> _INPUT RECORDS_:
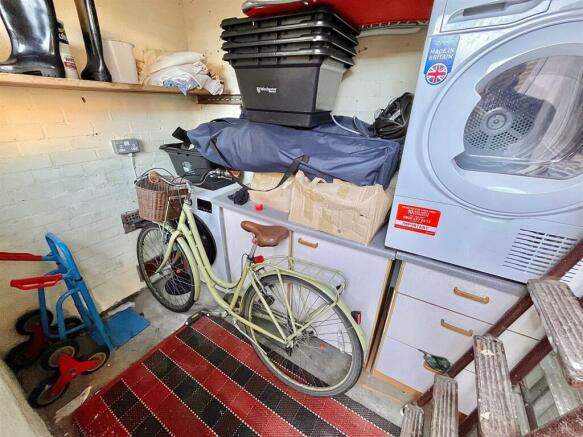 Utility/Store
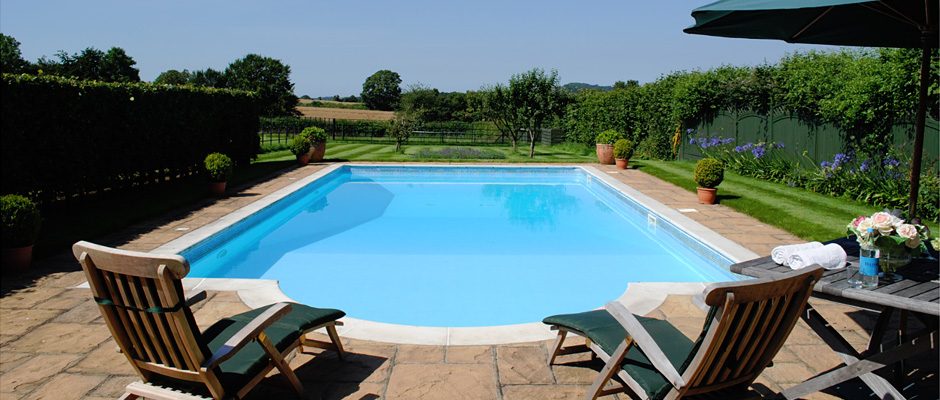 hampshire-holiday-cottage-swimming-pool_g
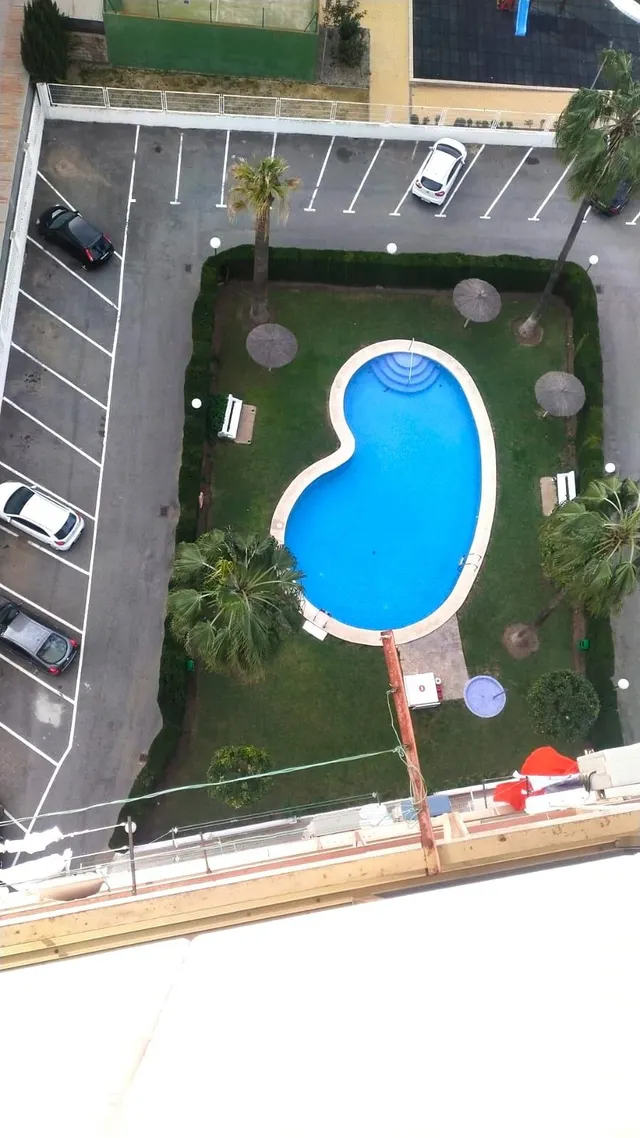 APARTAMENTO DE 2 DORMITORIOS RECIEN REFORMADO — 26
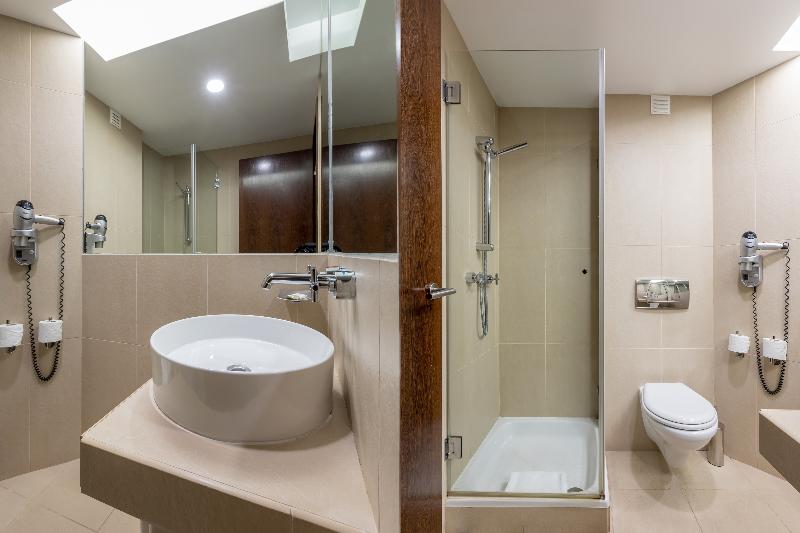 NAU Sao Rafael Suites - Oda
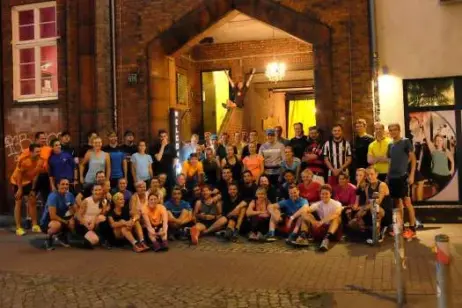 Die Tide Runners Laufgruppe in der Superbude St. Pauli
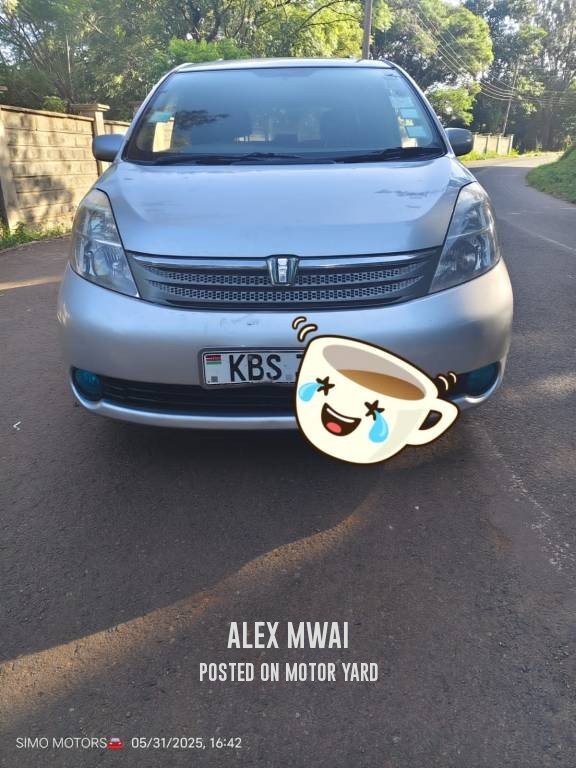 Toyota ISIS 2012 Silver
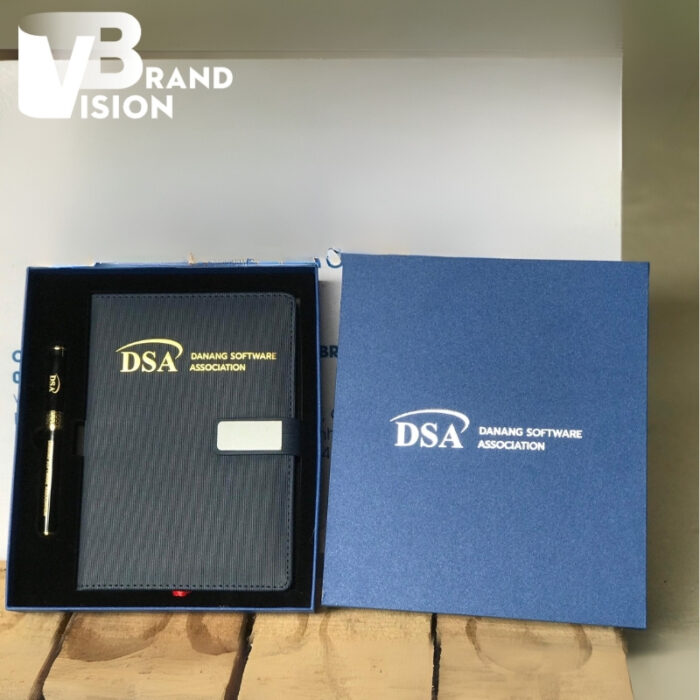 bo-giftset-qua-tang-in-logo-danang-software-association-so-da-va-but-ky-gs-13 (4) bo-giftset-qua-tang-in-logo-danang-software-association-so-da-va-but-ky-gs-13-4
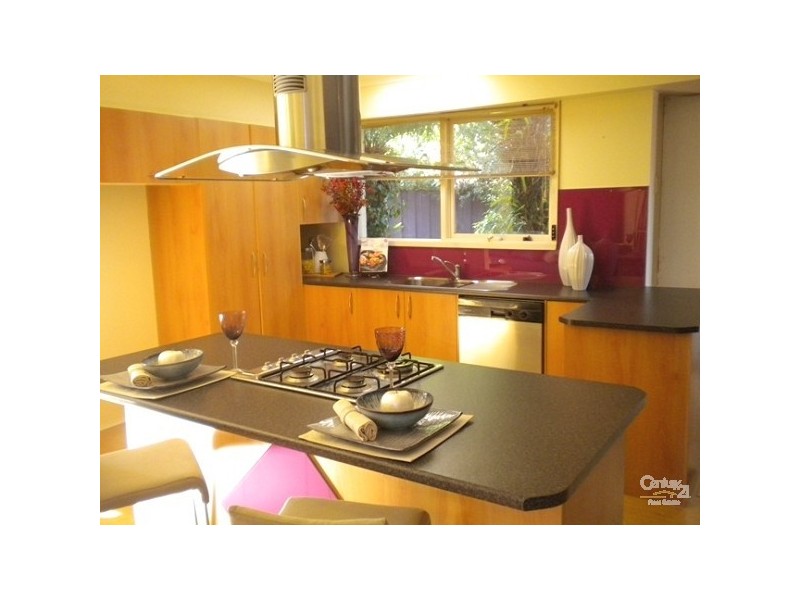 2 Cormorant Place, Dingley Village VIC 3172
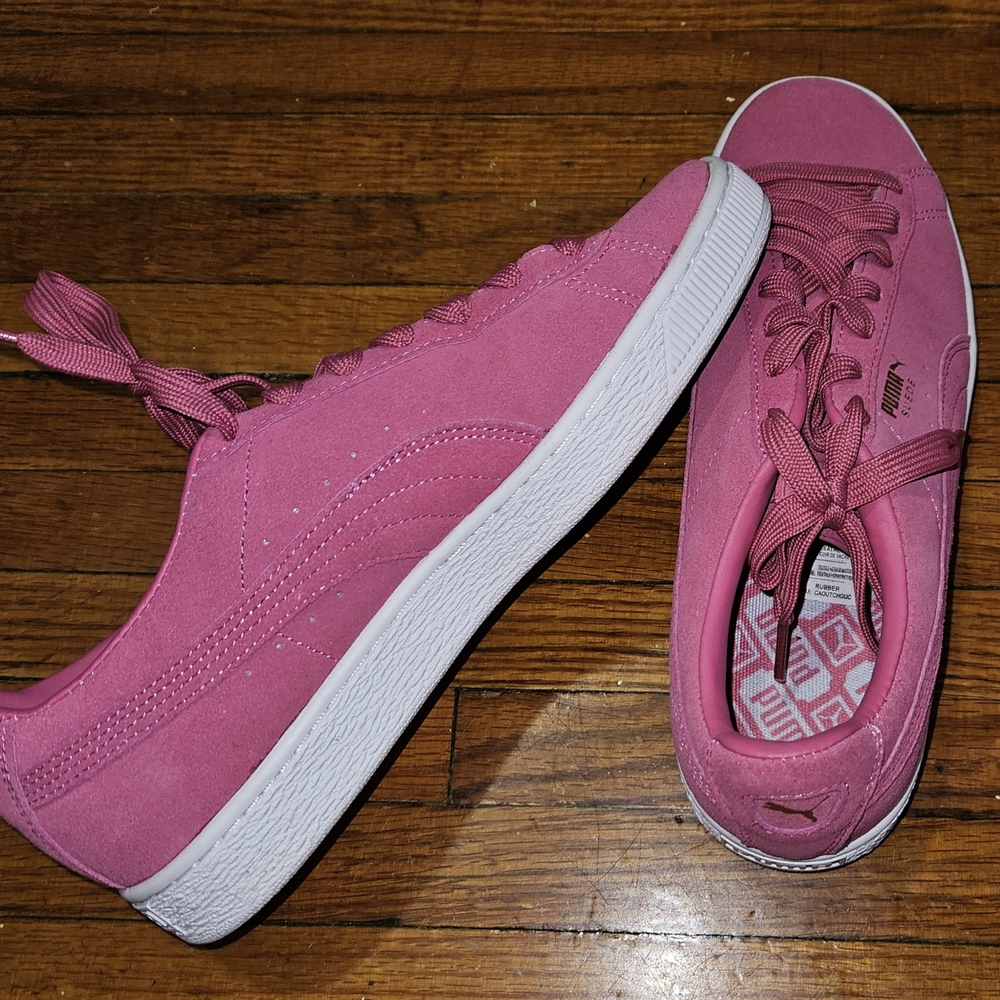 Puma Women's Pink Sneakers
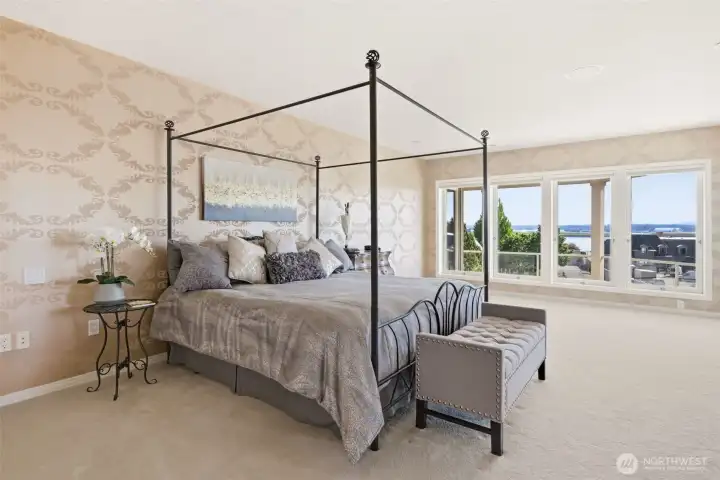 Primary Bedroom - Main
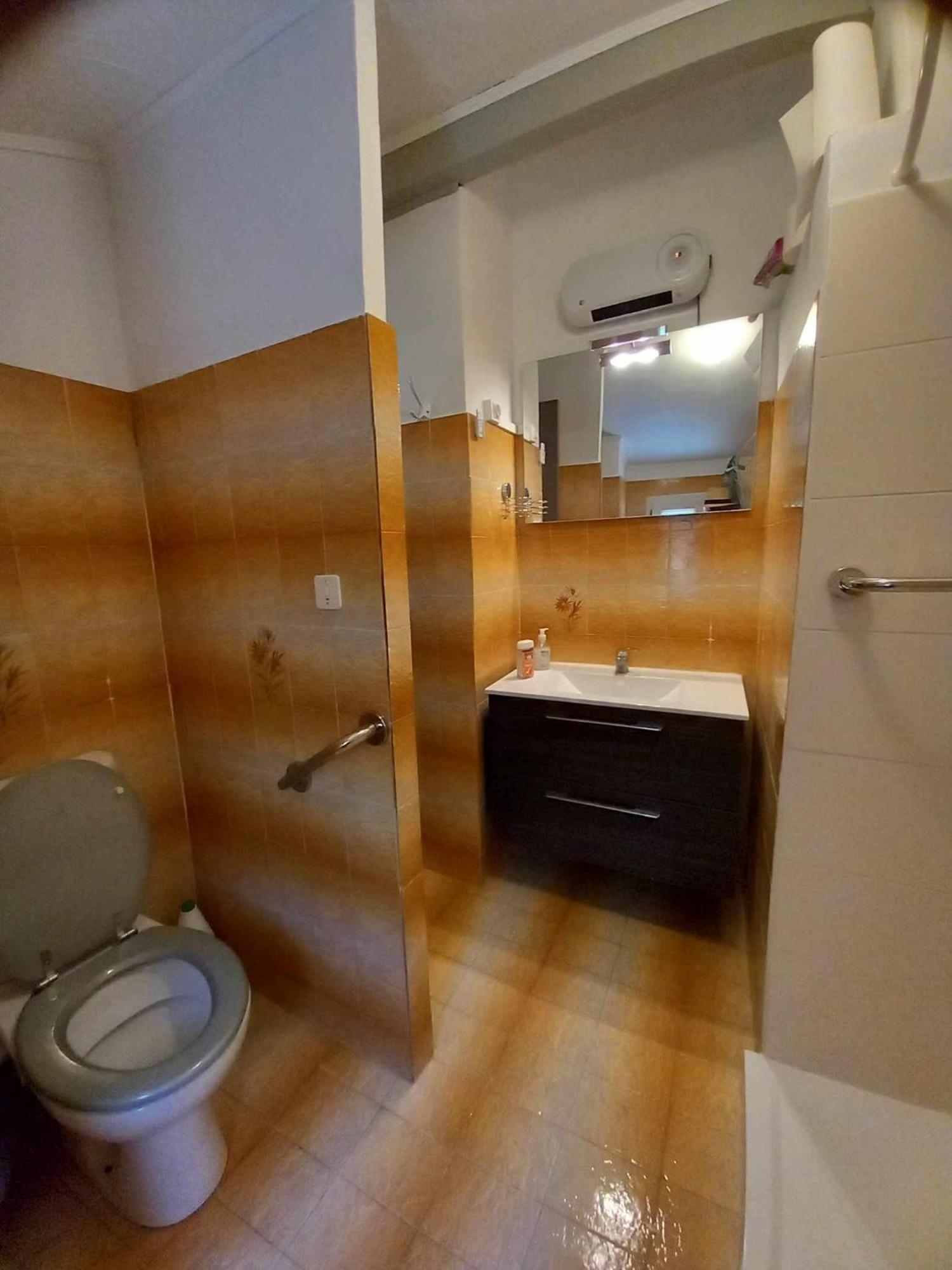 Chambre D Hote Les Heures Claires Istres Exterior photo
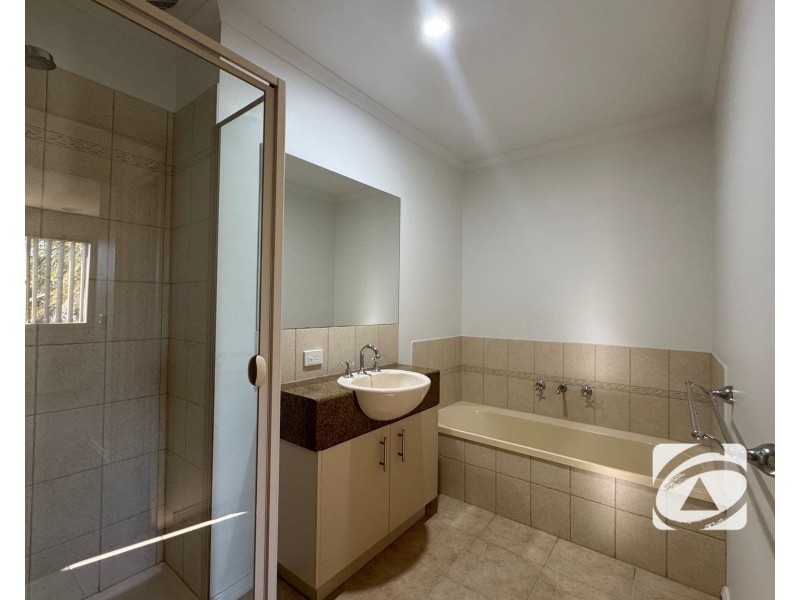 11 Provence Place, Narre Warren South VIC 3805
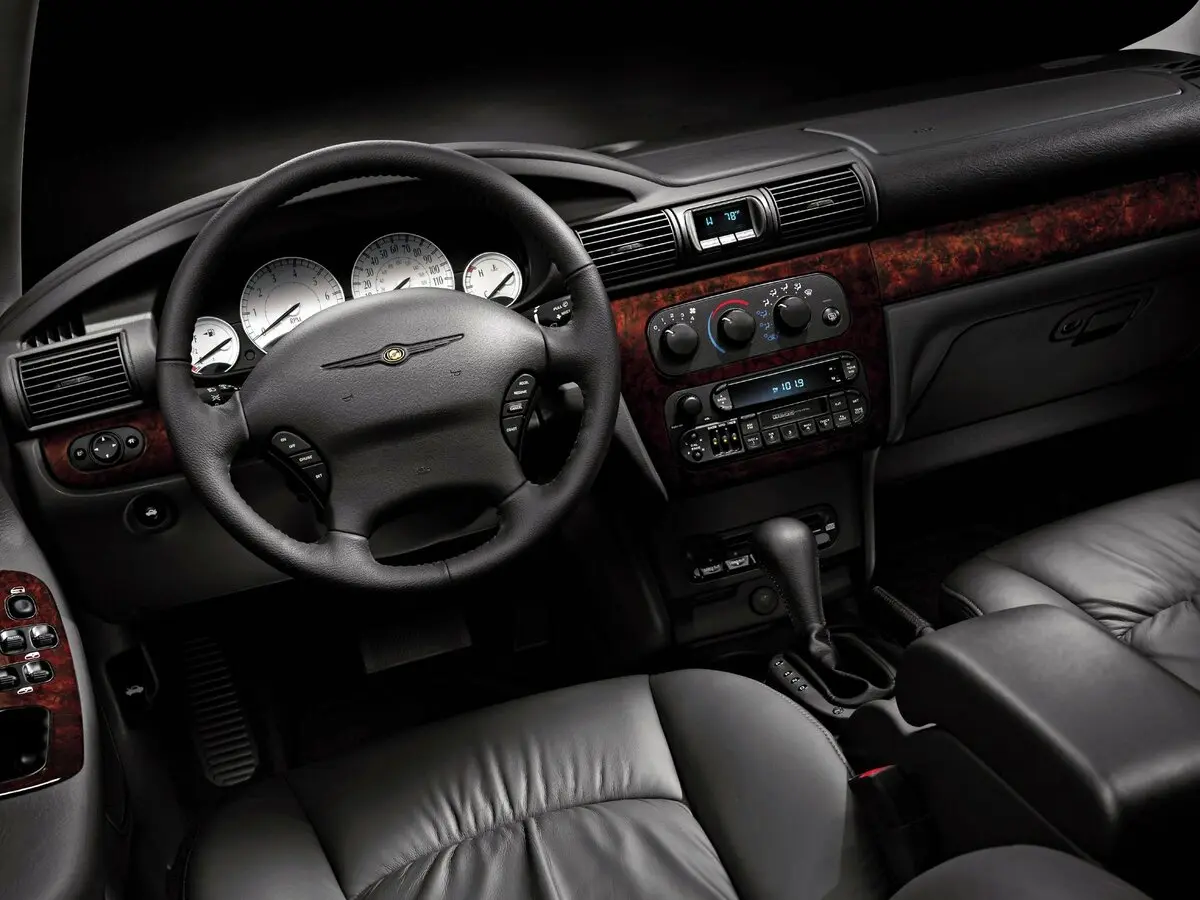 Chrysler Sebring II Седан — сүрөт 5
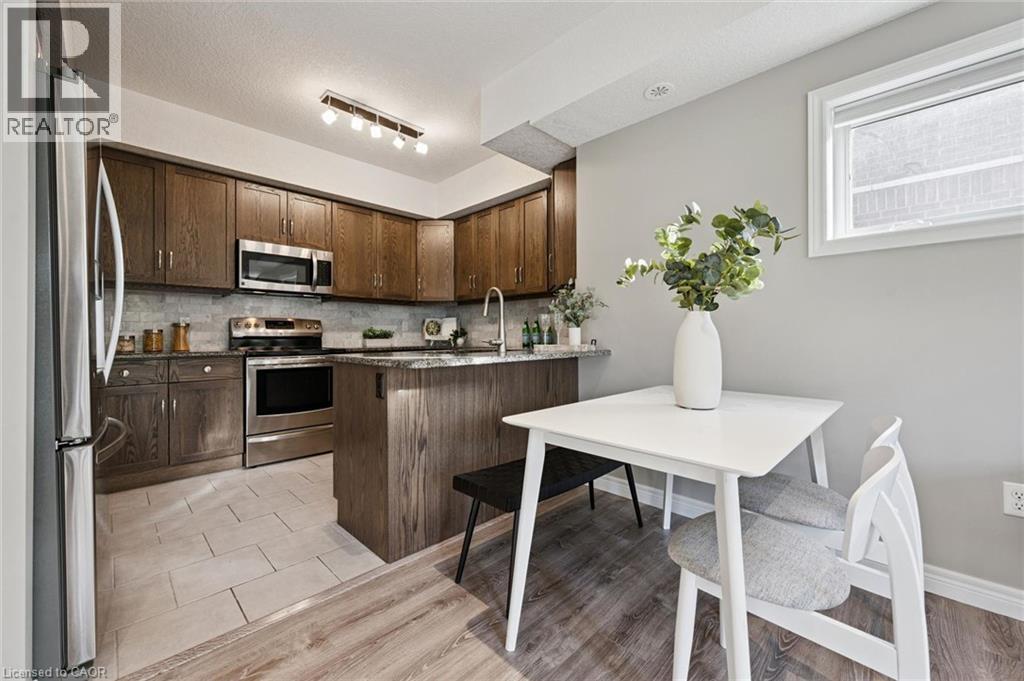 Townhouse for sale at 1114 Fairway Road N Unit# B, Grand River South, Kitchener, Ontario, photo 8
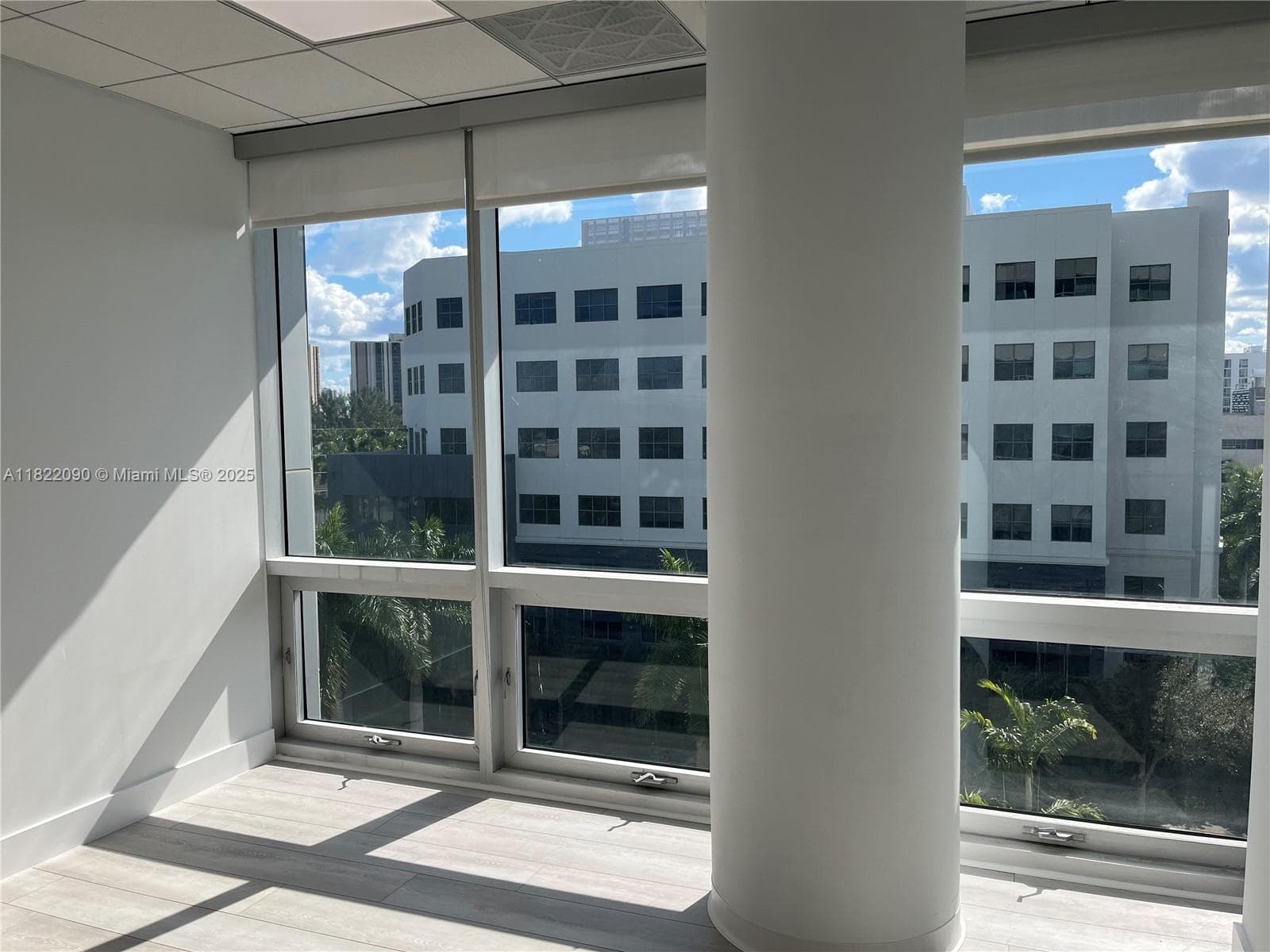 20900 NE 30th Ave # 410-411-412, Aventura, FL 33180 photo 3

> _BRIEF_:
Repeat the records in full, exactly as they appear, without the pictures.

> _TASK OUTPUT_:
 Utility/Store
 hampshire-holiday-cottage-swimming-pool_g
 APARTAMENTO DE 2 DORMITORIOS RECIEN REFORMADO — 26
 NAU Sao Rafael Suites - Oda
 Die Tide Runners Laufgruppe in der Superbude St. Pauli
 Toyota ISIS 2012 Silver
 bo-giftset-qua-tang-in-logo-danang-software-association-so-da-va-but-ky-gs-13 (4) bo-giftset-qua-tang-in-logo-danang-software-association-so-da-va-but-ky-gs-13-4
 2 Cormorant Place, Dingley Village VIC 3172
 Puma Women's Pink Sneakers
 Primary Bedroom - Main
 Chambre D Hote Les Heures Claires Istres Exterior photo
 11 Provence Place, Narre Warren South VIC 3805
 Chrysler Sebring II Седан — сүрөт 5
 Townhouse for sale at 1114 Fairway Road N Unit# B, Grand River South, Kitchener, Ontario, photo 8
 20900 NE 30th Ave # 410-411-412, Aventura, FL 33180 photo 3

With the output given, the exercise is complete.